▶ [PROBLEM]
You are asked to copy the entire listing exactly, apart from its pictures.

▶ [EXERCISE DATA]
╭──

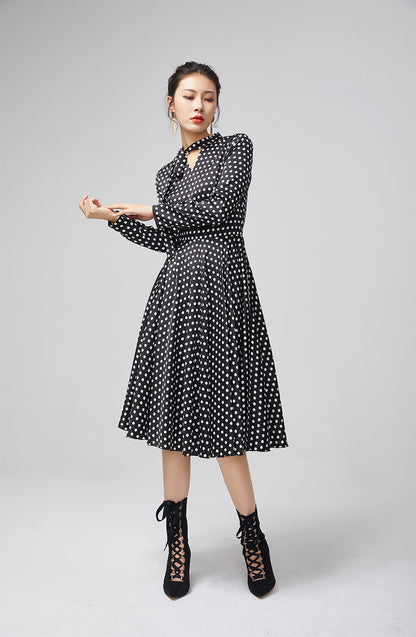 Black Polka Dot Chiffon Midi Dress for Women 2215
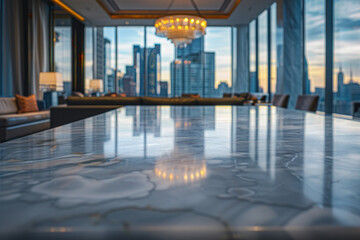 An elegant, polished marble dining table in the foreground with a blurred background of a luxury hotel penthouse suite. 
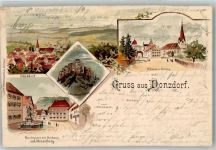 73072 W7322 Donzdorf 1900 Lithographie Schloss u. Kirche Scharfenschloss Marktplatz Rathaus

╰──

▶ [WRITTEN RESPONSE]
 Black Polka Dot Chiffon Midi Dress for Women 2215
 An elegant, polished marble dining table in the foreground with a blurred background of a luxury hotel penthouse suite. 
 73072 W7322 Donzdorf 1900 Lithographie Schloss u. Kirche Scharfenschloss Marktplatz Rathaus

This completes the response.